Exact copy, no pictures: reproduce the lines from the one that holds "Michelle and Scott" through the end of the entries.

BEGIN

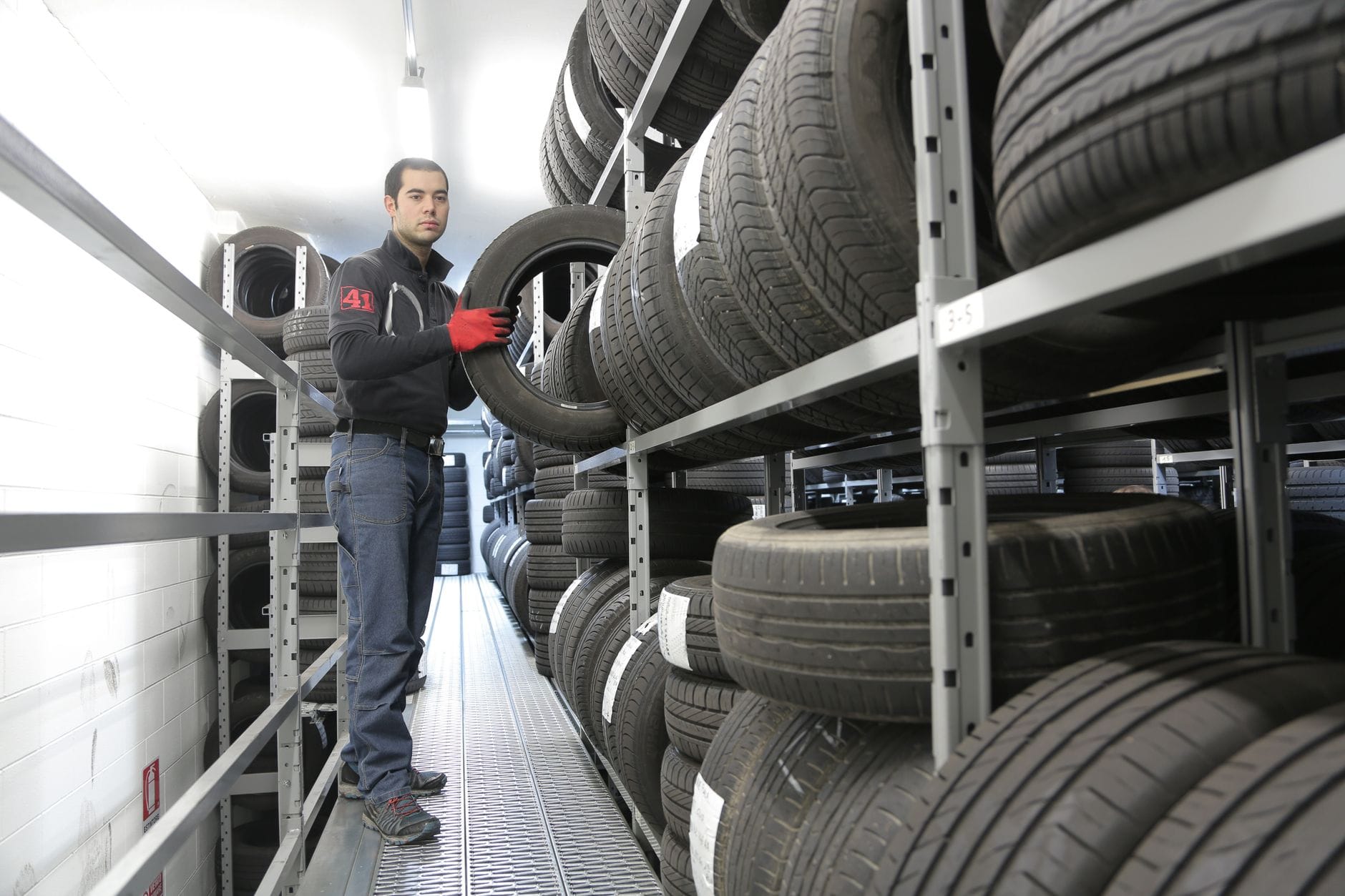 Mechanik odkłada oponę na regał w magazynie z oponami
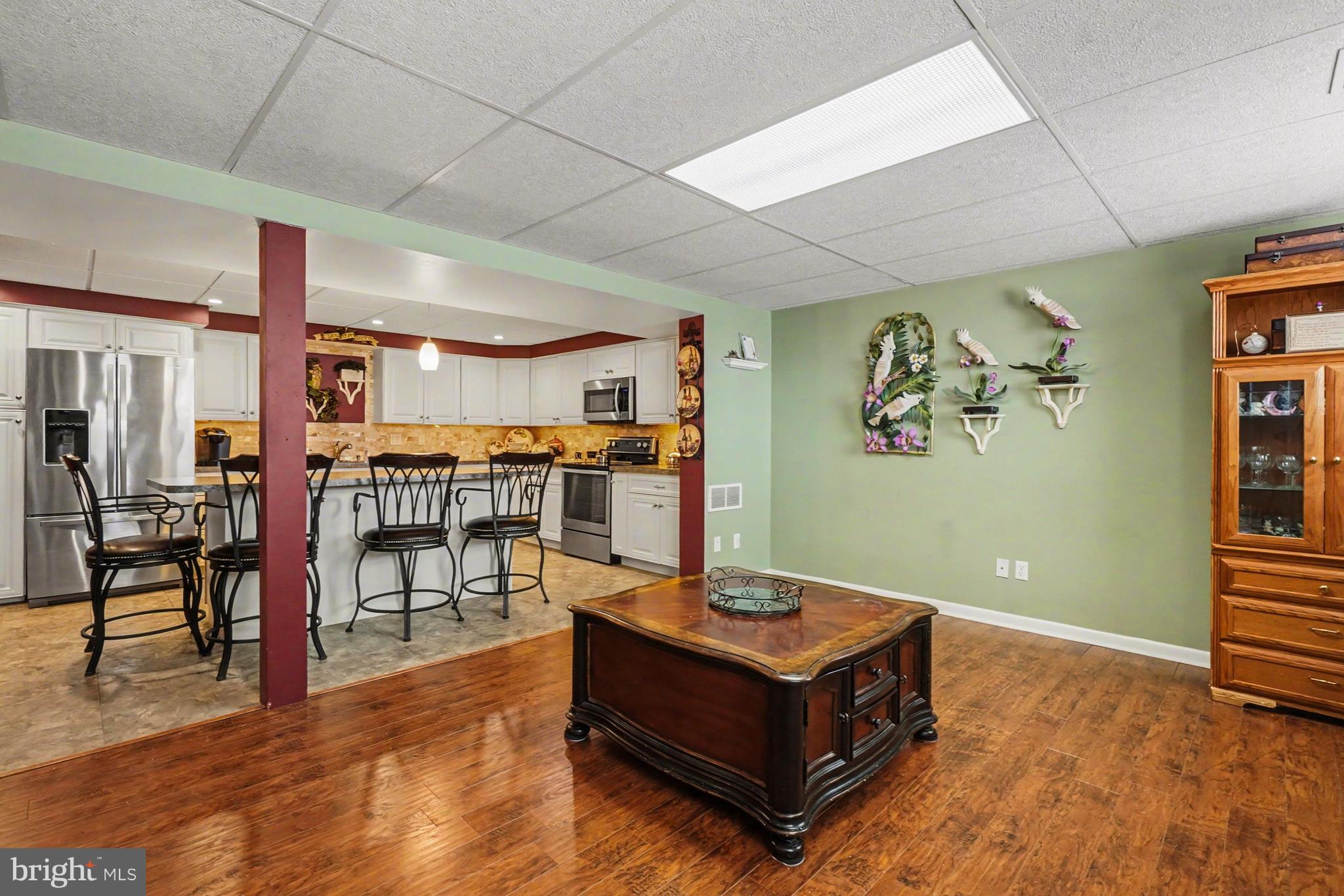 8636 Winding Way Perry Hall, MD 21128 - Photo 20 of 40 a living room with furniture and wooden floor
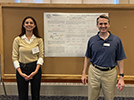 Michelle and Scott at the undergraduate research poster session, August 2023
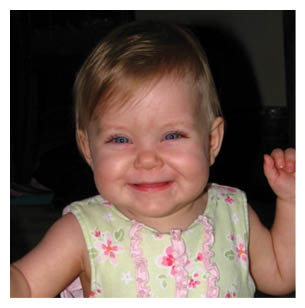 A young child wearing a green and white dress is smiling and waving. AI generated content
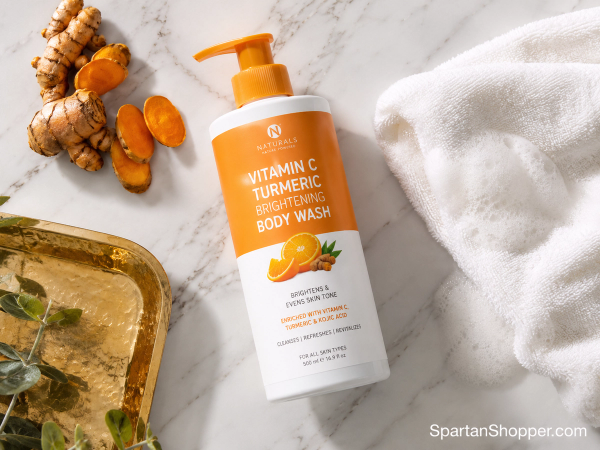 Kojic acid turmeric body wash bottle with turmeric root flat lay on white marble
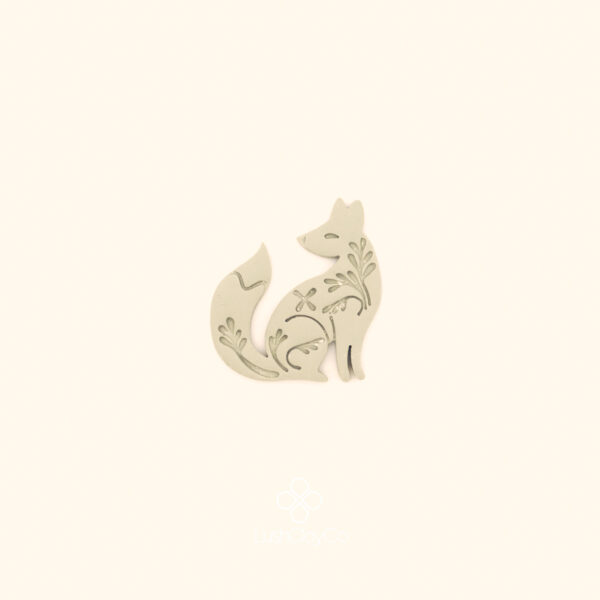Clay impression of the Rävna Fox wildlife cutter showing seated fox form with woven botanical and floral interior detail pressed into polymer clay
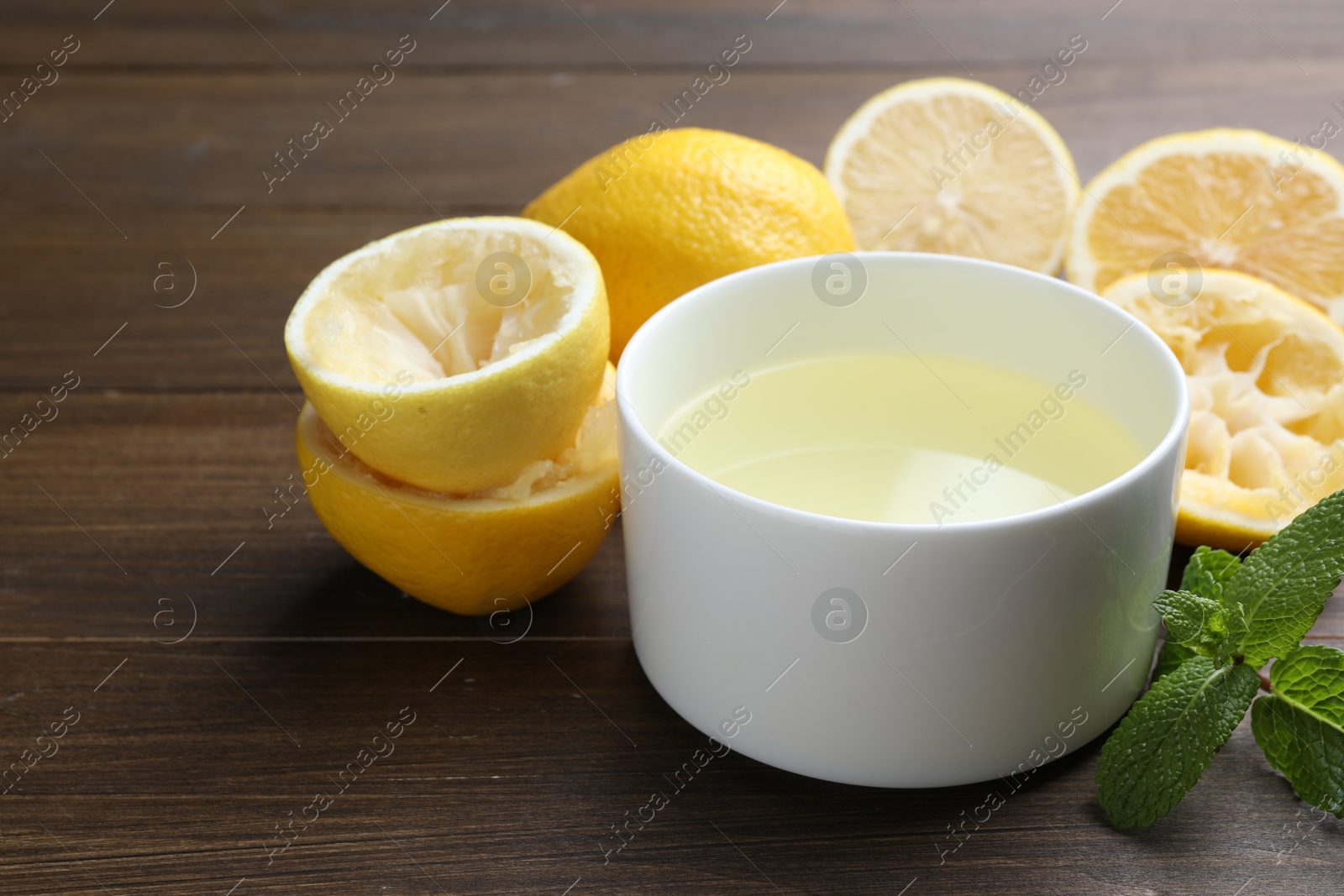 Photo of Fresh lemon juice in bowl, fruits and mint on wooden table, closeup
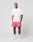 A man stands facing forward in a studio, wearing a white T-shirt and pink LFDY Oval Mesh Shorts by LIVE FAST DIE YOUNG with an elastic waistband. His tattooed arms are relaxed at his sides against a plain light gray background.
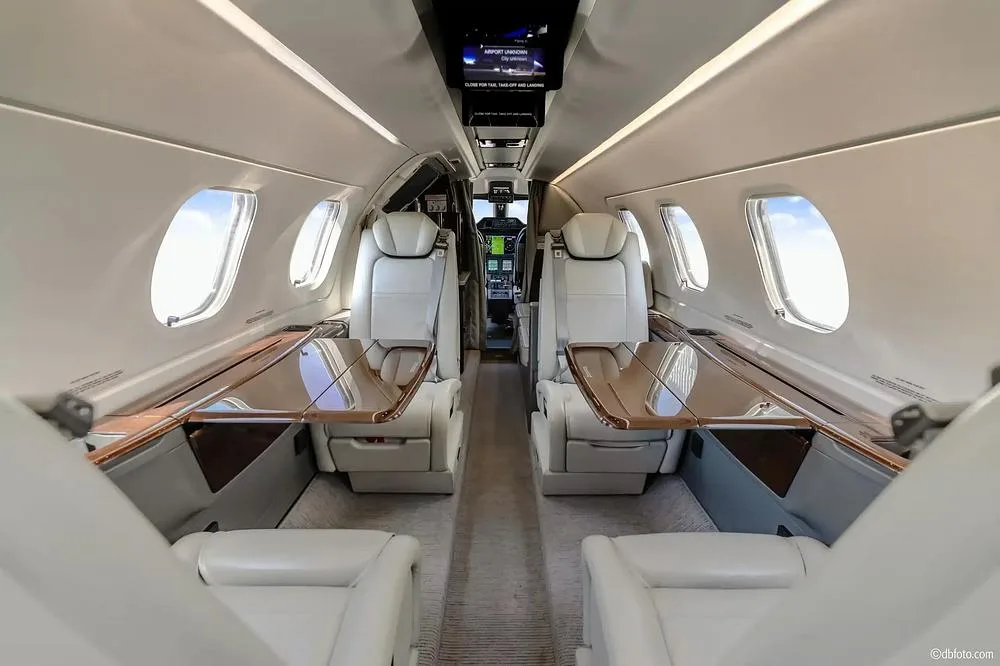 The luxurious interior cabin of a private jet, featuring light-colored seats, wooden tables, and overhead screens.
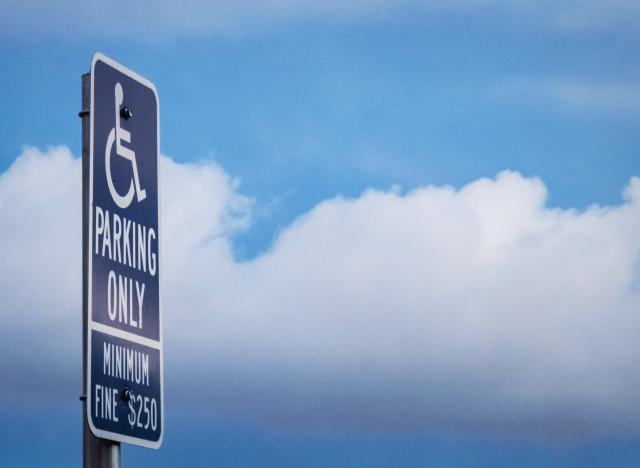 Parking sign against blue sky with clouds
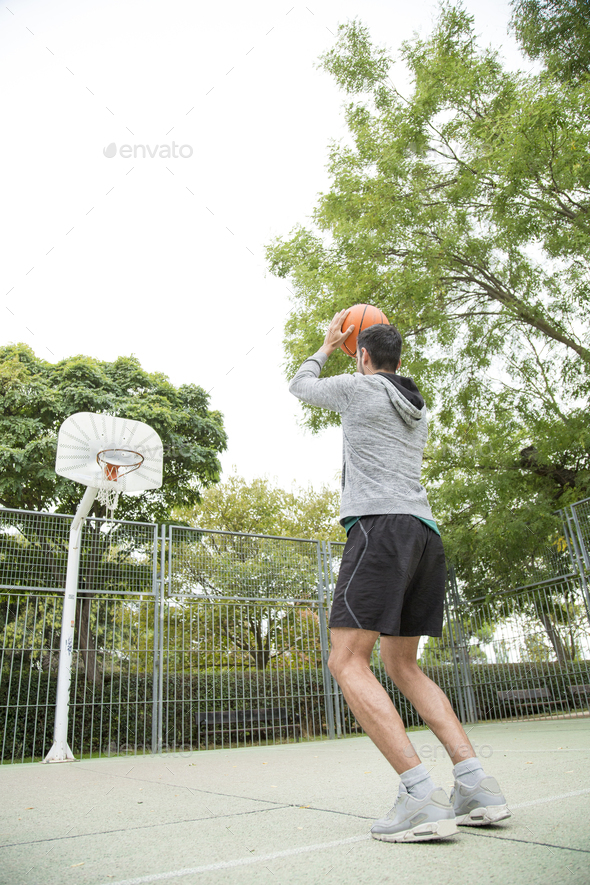 Vertical photo of a man throwing a ball on an outdoor basketball court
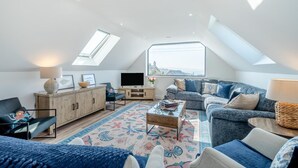 A spacious loft apartment with a high ceiling, skylights, a cozy seating area with a sofa and armchairs, a wooden entertainment unit, and a large window offering a view of the city. - 4 Bed in Porthleven (oc-ch30536) (Porthleven)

END

- [Solution to the exercise]
 Michelle and Scott at the undergraduate research poster session, August 2023
 A young child wearing a green and white dress is smiling and waving. AI generated content
 Kojic acid turmeric body wash bottle with turmeric root flat lay on white marble
Clay impression of the Rävna Fox wildlife cutter showing seated fox form with woven botanical and floral interior detail pressed into polymer clay
 Photo of Fresh lemon juice in bowl, fruits and mint on wooden table, closeup
 A man stands facing forward in a studio, wearing a white T-shirt and pink LFDY Oval Mesh Shorts by LIVE FAST DIE YOUNG with an elastic waistband. His tattooed arms are relaxed at his sides against a plain light gray background.
 The luxurious interior cabin of a private jet, featuring light-colored seats, wooden tables, and overhead screens.
 Parking sign against blue sky with clouds
 Vertical photo of a man throwing a ball on an outdoor basketball court
 A spacious loft apartment with a high ceiling, skylights, a cozy seating area with a sofa and armchairs, a wooden entertainment unit, and a large window offering a view of the city. - 4 Bed in Porthleven (oc-ch30536) (Porthleven)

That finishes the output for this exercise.